• PROMPT
After finding the line containing "Rugs.com Outdoor Aztec" below, please output that line and each following one through the line containing "acrylic paint 12", exactly as written.

[[ DATASET RECORDS open ]]

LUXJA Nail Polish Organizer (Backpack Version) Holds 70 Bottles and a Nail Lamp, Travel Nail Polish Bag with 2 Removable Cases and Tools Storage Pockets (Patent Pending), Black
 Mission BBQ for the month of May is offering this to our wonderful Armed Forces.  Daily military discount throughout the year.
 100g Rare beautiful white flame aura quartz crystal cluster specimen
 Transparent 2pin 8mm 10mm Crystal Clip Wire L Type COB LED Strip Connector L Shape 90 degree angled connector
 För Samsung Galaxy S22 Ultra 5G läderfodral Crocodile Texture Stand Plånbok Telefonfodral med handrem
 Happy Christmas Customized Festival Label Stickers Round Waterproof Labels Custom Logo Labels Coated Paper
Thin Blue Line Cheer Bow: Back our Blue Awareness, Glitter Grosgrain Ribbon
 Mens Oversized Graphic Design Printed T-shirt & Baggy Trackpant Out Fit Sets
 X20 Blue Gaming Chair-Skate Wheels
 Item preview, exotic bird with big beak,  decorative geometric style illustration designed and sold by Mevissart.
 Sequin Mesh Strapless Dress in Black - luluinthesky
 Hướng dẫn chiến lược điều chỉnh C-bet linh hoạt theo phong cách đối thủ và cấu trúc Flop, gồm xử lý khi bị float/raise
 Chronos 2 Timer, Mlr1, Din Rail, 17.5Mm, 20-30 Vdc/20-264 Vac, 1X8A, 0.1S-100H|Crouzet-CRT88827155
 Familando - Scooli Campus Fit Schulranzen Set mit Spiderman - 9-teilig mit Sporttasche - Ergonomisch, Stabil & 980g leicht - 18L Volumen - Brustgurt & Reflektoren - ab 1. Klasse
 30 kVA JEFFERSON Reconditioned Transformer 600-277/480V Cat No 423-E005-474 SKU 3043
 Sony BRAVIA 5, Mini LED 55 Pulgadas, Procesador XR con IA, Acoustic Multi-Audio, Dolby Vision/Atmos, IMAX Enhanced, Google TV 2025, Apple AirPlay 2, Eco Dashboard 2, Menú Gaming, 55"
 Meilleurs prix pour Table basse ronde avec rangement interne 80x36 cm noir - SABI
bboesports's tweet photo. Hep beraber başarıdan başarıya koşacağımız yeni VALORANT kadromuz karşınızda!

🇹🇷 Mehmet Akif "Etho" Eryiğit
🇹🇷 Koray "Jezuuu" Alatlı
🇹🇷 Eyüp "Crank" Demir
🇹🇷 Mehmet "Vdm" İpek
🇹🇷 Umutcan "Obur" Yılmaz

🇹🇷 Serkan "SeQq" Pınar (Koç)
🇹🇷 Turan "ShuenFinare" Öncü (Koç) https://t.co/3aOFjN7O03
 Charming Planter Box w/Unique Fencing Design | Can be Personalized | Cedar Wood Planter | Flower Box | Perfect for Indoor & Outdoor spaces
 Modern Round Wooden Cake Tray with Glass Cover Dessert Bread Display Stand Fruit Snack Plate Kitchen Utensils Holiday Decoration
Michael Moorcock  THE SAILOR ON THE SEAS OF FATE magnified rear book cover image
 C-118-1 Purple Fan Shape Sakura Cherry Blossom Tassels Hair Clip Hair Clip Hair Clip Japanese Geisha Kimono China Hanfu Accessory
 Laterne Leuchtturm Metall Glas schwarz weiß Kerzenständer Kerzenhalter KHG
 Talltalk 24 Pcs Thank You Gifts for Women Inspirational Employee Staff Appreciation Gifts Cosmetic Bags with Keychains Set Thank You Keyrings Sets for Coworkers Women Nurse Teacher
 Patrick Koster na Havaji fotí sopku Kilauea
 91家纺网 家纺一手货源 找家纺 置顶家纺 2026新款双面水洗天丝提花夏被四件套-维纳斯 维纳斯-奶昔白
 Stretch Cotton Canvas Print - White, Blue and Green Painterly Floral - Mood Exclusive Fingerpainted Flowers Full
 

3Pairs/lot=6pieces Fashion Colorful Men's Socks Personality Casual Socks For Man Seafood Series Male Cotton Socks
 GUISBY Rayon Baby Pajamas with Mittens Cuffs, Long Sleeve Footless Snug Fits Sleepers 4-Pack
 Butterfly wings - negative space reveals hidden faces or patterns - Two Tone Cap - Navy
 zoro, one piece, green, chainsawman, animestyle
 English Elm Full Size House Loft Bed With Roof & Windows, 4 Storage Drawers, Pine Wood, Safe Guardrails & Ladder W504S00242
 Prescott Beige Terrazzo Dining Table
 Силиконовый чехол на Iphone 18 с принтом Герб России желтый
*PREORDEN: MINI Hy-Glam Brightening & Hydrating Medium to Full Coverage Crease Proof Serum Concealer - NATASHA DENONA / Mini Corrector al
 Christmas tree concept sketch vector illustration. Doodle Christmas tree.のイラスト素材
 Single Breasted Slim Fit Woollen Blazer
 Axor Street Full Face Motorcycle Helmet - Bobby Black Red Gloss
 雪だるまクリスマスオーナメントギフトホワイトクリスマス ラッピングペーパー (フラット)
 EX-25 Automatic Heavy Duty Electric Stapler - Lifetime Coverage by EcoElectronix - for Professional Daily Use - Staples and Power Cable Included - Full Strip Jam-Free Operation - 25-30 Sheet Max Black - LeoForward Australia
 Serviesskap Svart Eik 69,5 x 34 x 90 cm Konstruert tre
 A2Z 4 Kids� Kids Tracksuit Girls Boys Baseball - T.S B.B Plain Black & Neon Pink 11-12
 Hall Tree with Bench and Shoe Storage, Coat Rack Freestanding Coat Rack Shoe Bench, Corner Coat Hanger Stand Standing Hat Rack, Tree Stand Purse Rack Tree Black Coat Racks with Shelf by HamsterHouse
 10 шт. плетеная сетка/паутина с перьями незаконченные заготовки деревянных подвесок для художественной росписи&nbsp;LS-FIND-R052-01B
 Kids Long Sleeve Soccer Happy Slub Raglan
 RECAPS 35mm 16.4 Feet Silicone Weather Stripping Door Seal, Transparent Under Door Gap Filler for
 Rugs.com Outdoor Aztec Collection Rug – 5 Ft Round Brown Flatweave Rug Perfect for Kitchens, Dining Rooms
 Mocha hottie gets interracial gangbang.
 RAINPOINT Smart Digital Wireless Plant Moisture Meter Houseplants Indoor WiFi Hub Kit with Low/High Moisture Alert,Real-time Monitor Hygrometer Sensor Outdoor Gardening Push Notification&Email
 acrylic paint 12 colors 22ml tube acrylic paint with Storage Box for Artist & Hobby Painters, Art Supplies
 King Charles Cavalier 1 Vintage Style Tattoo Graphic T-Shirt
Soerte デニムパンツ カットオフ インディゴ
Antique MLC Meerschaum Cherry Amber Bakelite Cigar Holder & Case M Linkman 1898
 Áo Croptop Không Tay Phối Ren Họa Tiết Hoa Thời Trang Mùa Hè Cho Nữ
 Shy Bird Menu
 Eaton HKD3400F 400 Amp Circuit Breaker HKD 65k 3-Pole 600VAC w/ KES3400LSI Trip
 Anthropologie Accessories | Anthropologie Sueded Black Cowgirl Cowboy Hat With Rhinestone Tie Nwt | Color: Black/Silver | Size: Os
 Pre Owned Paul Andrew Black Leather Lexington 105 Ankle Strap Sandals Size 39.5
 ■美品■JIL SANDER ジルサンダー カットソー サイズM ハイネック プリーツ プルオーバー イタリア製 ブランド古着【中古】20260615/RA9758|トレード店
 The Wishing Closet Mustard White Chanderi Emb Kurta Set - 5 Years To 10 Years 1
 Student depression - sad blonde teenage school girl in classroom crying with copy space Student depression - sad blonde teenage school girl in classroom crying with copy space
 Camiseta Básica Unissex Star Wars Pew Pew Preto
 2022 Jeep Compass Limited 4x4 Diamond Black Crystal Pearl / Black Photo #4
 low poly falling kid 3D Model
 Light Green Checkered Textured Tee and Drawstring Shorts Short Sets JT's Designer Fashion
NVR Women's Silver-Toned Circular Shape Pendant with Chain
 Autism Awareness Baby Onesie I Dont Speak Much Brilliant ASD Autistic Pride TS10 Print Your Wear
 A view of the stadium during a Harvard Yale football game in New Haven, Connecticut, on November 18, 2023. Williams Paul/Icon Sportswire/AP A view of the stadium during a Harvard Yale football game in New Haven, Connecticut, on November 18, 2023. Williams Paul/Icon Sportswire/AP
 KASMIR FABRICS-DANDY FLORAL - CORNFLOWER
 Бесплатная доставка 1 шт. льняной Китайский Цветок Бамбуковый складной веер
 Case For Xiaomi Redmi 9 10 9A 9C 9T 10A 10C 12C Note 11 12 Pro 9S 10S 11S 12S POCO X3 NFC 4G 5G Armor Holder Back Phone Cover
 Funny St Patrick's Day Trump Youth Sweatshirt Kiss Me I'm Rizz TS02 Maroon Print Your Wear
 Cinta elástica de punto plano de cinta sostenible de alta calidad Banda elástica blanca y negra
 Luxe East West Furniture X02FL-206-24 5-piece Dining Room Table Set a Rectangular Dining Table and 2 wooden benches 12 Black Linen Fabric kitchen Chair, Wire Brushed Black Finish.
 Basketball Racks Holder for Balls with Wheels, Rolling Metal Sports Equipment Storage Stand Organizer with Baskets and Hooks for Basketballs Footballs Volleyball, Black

[[ DATASET RECORDS closed ]]

• OUTPUT FOR THIS TASK
 Rugs.com Outdoor Aztec Collection Rug – 5 Ft Round Brown Flatweave Rug Perfect for Kitchens, Dining Rooms
 Mocha hottie gets interracial gangbang.
 RAINPOINT Smart Digital Wireless Plant Moisture Meter Houseplants Indoor WiFi Hub Kit with Low/High Moisture Alert,Real-time Monitor Hygrometer Sensor Outdoor Gardening Push Notification&Email
 acrylic paint 12 colors 22ml tube acrylic paint with Storage Box for Artist & Hobby Painters, Art Supplies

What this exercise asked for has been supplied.